(YOUR ASSIGNMENT):
Copy verbatim the material from its first line to the line that holds "Fried dumplings in oil in a frying pan.", including that line.

(GIVEN ENTRIES):
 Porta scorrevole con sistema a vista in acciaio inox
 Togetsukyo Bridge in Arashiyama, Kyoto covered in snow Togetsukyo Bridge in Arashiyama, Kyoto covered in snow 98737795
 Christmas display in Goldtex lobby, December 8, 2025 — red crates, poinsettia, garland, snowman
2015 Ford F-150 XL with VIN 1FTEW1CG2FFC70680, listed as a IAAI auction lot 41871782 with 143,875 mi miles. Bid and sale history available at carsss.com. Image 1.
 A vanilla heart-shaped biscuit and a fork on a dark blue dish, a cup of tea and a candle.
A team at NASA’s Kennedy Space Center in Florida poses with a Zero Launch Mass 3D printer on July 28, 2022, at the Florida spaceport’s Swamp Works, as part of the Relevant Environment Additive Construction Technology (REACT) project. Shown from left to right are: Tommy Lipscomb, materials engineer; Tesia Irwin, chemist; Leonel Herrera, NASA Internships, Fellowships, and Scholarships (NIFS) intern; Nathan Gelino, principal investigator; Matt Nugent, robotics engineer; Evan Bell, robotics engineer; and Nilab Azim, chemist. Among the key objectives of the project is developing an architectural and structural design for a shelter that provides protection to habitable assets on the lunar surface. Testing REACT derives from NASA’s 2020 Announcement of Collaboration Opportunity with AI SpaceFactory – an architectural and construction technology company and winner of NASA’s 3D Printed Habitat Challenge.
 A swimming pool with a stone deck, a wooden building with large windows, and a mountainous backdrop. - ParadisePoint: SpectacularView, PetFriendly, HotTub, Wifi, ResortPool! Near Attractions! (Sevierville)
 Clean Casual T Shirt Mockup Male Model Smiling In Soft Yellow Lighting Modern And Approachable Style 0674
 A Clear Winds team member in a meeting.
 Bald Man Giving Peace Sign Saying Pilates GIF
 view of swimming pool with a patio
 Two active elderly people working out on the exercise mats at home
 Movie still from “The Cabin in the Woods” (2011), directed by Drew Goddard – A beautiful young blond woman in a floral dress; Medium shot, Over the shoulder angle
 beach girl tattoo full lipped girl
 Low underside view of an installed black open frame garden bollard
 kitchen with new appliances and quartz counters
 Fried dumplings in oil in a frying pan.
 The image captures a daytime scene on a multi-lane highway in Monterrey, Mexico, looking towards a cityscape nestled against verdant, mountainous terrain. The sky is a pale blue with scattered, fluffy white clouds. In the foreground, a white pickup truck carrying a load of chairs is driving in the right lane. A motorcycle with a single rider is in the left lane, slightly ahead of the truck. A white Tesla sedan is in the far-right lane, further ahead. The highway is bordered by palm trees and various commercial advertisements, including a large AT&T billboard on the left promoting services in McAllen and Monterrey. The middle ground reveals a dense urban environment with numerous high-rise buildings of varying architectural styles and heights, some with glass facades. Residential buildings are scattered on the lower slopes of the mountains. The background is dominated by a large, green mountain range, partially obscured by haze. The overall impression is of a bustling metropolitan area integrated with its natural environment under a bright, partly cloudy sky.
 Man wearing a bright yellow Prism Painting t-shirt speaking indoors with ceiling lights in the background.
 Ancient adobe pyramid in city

(PROBLEM SOLUTION):
 Porta scorrevole con sistema a vista in acciaio inox
 Togetsukyo Bridge in Arashiyama, Kyoto covered in snow Togetsukyo Bridge in Arashiyama, Kyoto covered in snow 98737795
 Christmas display in Goldtex lobby, December 8, 2025 — red crates, poinsettia, garland, snowman
2015 Ford F-150 XL with VIN 1FTEW1CG2FFC70680, listed as a IAAI auction lot 41871782 with 143,875 mi miles. Bid and sale history available at carsss.com. Image 1.
 A vanilla heart-shaped biscuit and a fork on a dark blue dish, a cup of tea and a candle.
A team at NASA’s Kennedy Space Center in Florida poses with a Zero Launch Mass 3D printer on July 28, 2022, at the Florida spaceport’s Swamp Works, as part of the Relevant Environment Additive Construction Technology (REACT) project. Shown from left to right are: Tommy Lipscomb, materials engineer; Tesia Irwin, chemist; Leonel Herrera, NASA Internships, Fellowships, and Scholarships (NIFS) intern; Nathan Gelino, principal investigator; Matt Nugent, robotics engineer; Evan Bell, robotics engineer; and Nilab Azim, chemist. Among the key objectives of the project is developing an architectural and structural design for a shelter that provides protection to habitable assets on the lunar surface. Testing REACT derives from NASA’s 2020 Announcement of Collaboration Opportunity with AI SpaceFactory – an architectural and construction technology company and winner of NASA’s 3D Printed Habitat Challenge.
 A swimming pool with a stone deck, a wooden building with large windows, and a mountainous backdrop. - ParadisePoint: SpectacularView, PetFriendly, HotTub, Wifi, ResortPool! Near Attractions! (Sevierville)
 Clean Casual T Shirt Mockup Male Model Smiling In Soft Yellow Lighting Modern And Approachable Style 0674
 A Clear Winds team member in a meeting.
 Bald Man Giving Peace Sign Saying Pilates GIF
 view of swimming pool with a patio
 Two active elderly people working out on the exercise mats at home
 Movie still from “The Cabin in the Woods” (2011), directed by Drew Goddard – A beautiful young blond woman in a floral dress; Medium shot, Over the shoulder angle
 beach girl tattoo full lipped girl
 Low underside view of an installed black open frame garden bollard
 kitchen with new appliances and quartz counters
 Fried dumplings in oil in a frying pan.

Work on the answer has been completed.